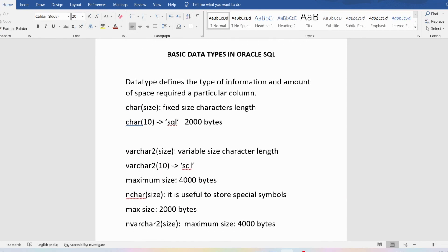So this is about the basic data types that Oracle SQL supports. I hope you have understood this concept. When we create tables and insert values, you will understand even better. If you have any doubts, please ask me in the comment section and I will try to clear your doubts as early as possible. Thank you for watching the complete video. Have a nice day.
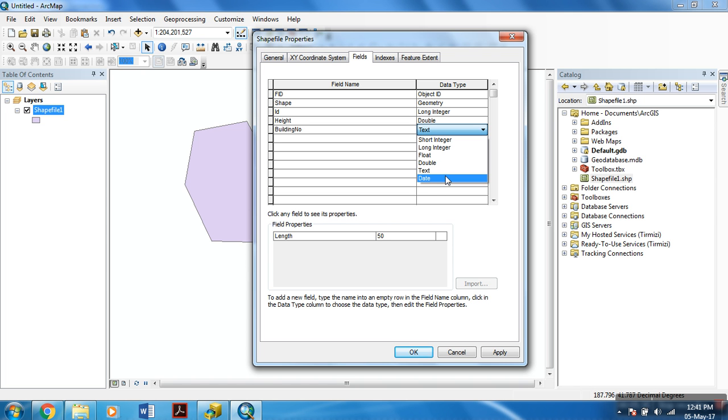You can even use object identifier, global identifier. These are more complicated data types, and I will restrict to here for this tutorial. I hope I will make a future tutorial on the types of data types in the future.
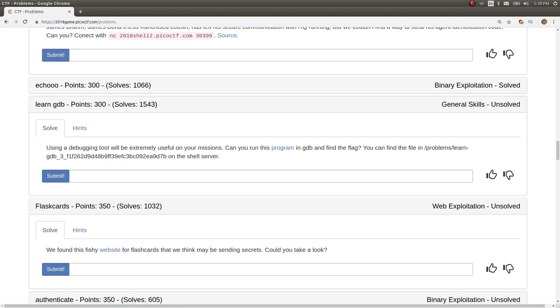What's up everybody, my name is John Hammond and welcome back to some more Pico CTF 2018. This challenge is called Learn GDB, it's 300 points in the general skills category.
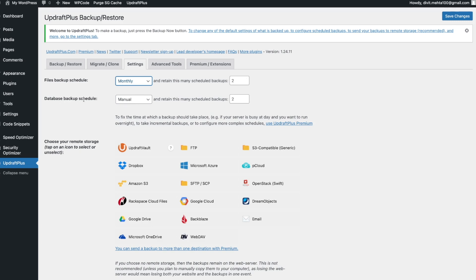Next you have the database backup schedule, which works similarly. The database backup isn't usually as large — it contains your customer information, plugin settings, and day-to-day data. If you have an e-commerce store or a blog you update daily, I'd recommend backing it up daily or weekly. I'll go ahead and select that, and I'll set the number of retained backups to five.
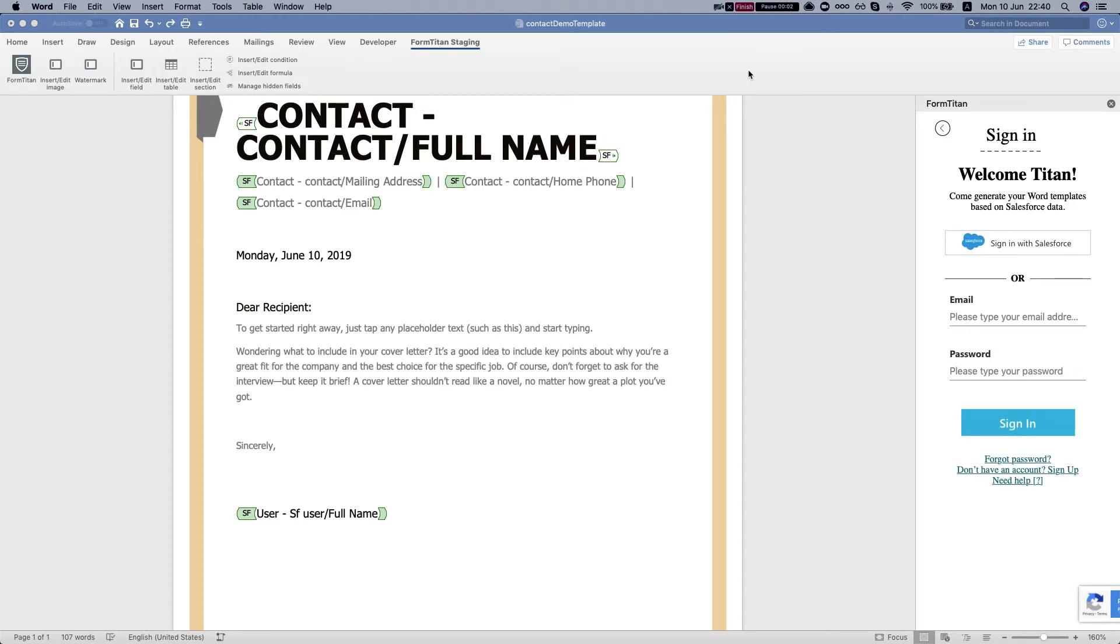Hey the Titans! In this video I'll show you how to edit and send an email using your WordEdit, the FormTitan WordEdit.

**Your task**: Leave out the pictures and return the rest of the records exactly.

**Exercise answer**:
So this is about the basic data types that Oracle SQL supports. I hope you have understood this concept. When we create tables and insert values, you will understand even better. If you have any doubts, please ask me in the comment section and I will try to clear your doubts as early as possible. Thank you for watching the complete video. Have a nice day.
You can even use object identifier, global identifier. These are more complicated data types, and I will restrict to here for this tutorial. I hope I will make a future tutorial on the types of data types in the future.
What's up everybody, my name is John Hammond and welcome back to some more Pico CTF 2018. This challenge is called Learn GDB, it's 300 points in the general skills category.
Next you have the database backup schedule, which works similarly. The database backup isn't usually as large — it contains your customer information, plugin settings, and day-to-day data. If you have an e-commerce store or a blog you update daily, I'd recommend backing it up daily or weekly. I'll go ahead and select that, and I'll set the number of retained backups to five.
Hey the Titans! In this video I'll show you how to edit and send an email using your WordEdit, the FormTitan WordEdit.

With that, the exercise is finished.